The monument sits on a gentle south-westerly facing slope in improved pasture, 72 metres east of the townland boundary with Portboy, which also follows a watercourse draining south-east into the Ballynamona River. It is the southernmost of five contiguous barrows, a ditch barrow being a round burial monument defined by a surrounding ditch rather than a prominent earthen mound, arranged roughly north-west to south-east along the crest of a long ridge, with gaps of between 7 and 24 metres separating each one. The group was identified through the Bruff aerial photographic survey of 1986, recorded as reference Bruff 291.05, AP 4/3609. Cropmarks form when buried features such as ditches or banks affect how surface vegetation grows, producing subtle differences in colour or height that become legible only from above, and usually only in dry conditions when the contrast is sharpest.
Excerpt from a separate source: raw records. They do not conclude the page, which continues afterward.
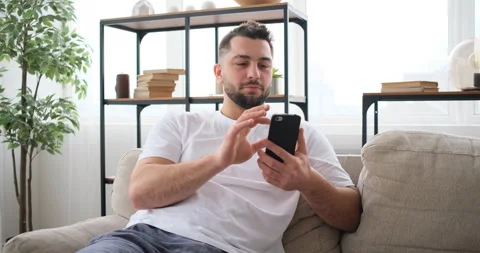 Joyful caucasian man using smartphone on sofa in living room Stock Footage 150019313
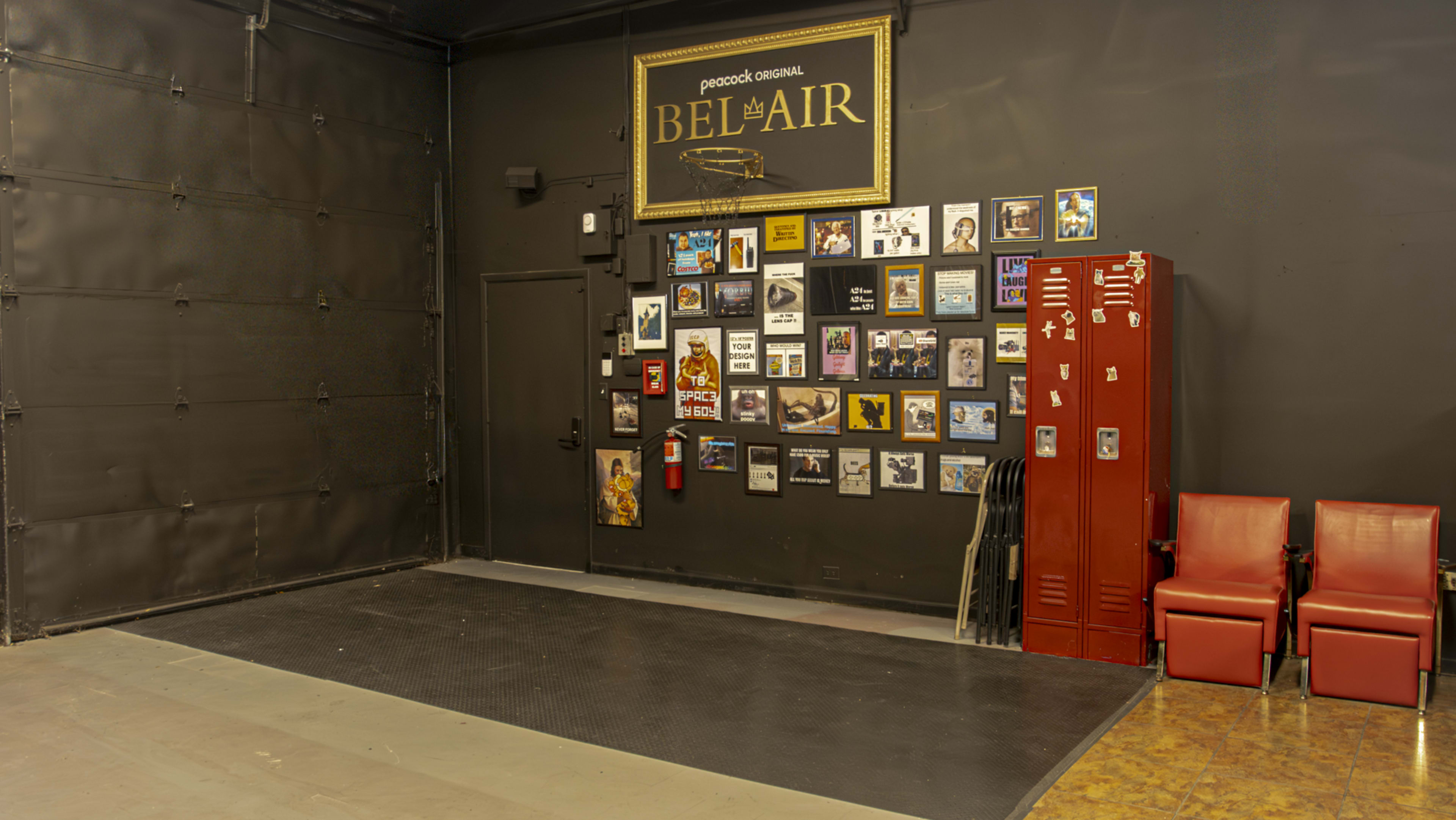 The image shows a blank stage area with a black wall featuring a collage of framed pictures, a red locker, and two red chairs.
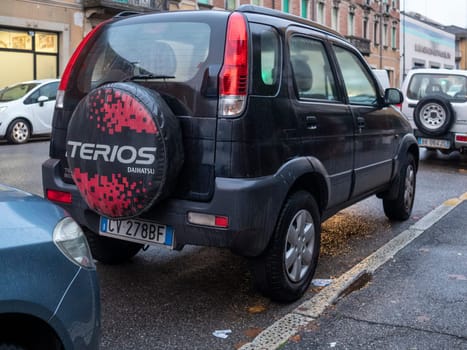Cremona, Lombardy, Italy October 15th 2024 Rear view of a black daihatsu terios suv parked on a city street, showcasing its spare wheel cover
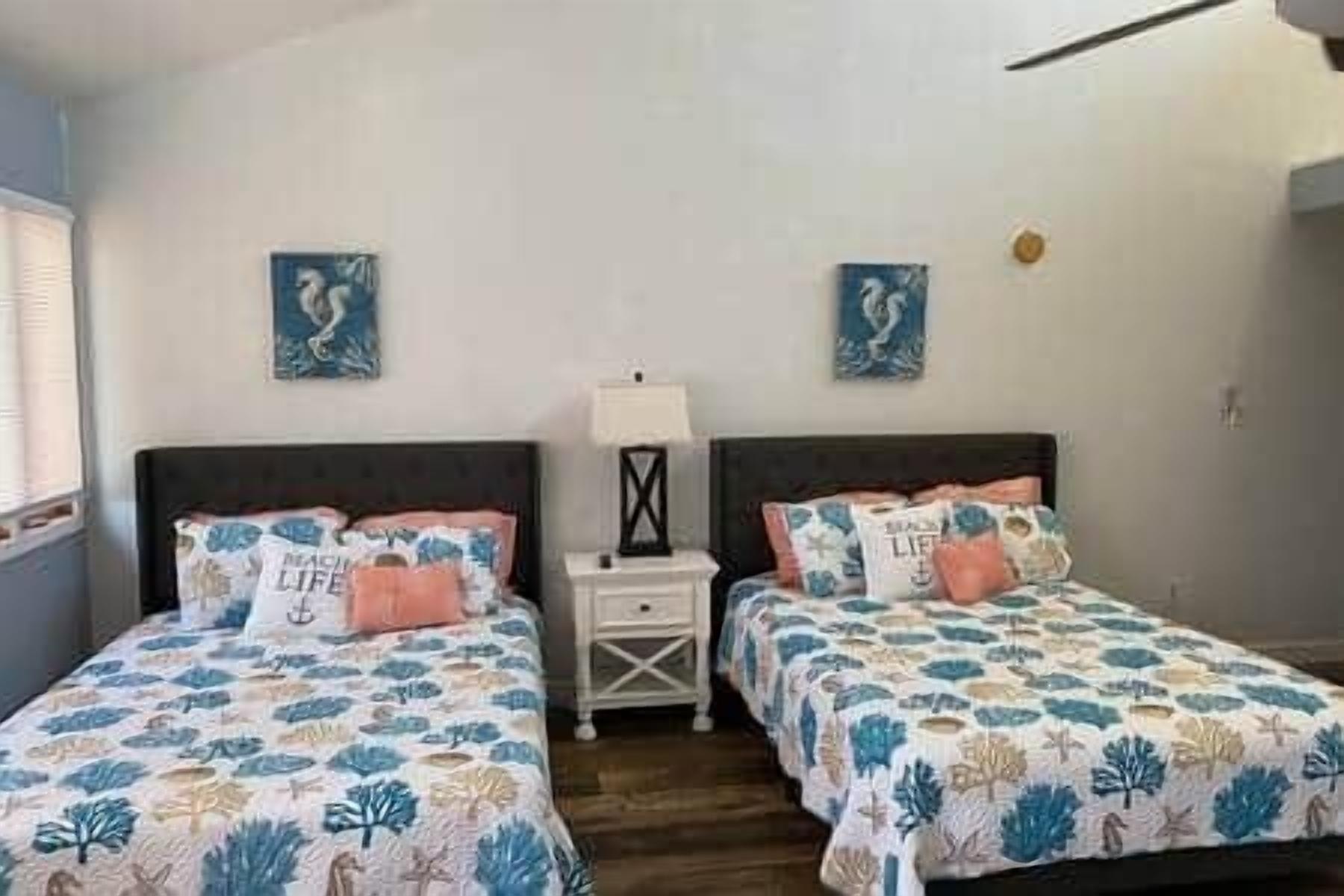 A bedroom with two beds, each with a floral bedspread and matching pillows. There are two nightstands with lamps between the beds.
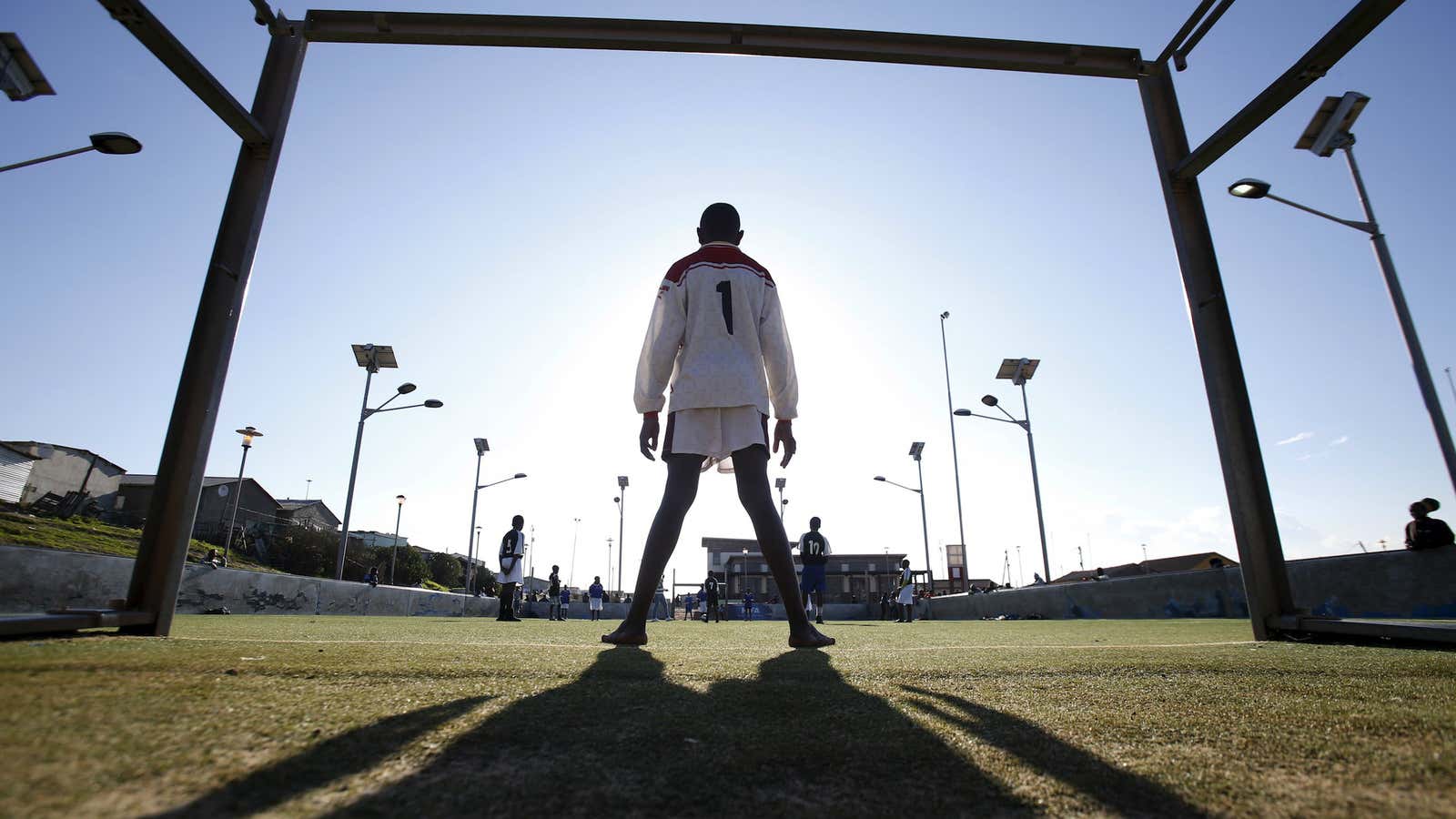 A boy plays football in Cape Town’s Khayelitsha township.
The monument does not appear on any Ordnance Survey Ireland historic mapping, and subsequent orthoimagery taken between 2005 and 2013, as well as a Google Earth image from September 2020, shows nothing. That single 1986 photograph remains the primary evidence that it is there at all. The record was compiled by Alison McQueen and Vera Rahilly and uploaded to the national monuments database in November 2020.
There is nothing to see at this site in the conventional sense. The pasture has been improved over time, smoothing out whatever slight earthwork might once have existed, and the barrow registers only as an absence in aerial conditions that may not recur in any predictable way. For anyone interested in finding the ridge itself, the townland boundary with Portboy provides a useful orientation point, and the watercourse running south-east toward the Ballynamona River marks the western edge of the area. The other four barrows in the group extend northward along the same ridge. What makes this cluster worth knowing about is less what you can observe on the ground than what it suggests: a deliberate arrangement of burial monuments along a prominent landform, a landscape of the dead that has spent centuries hiding in plain sight beneath ordinary farmland.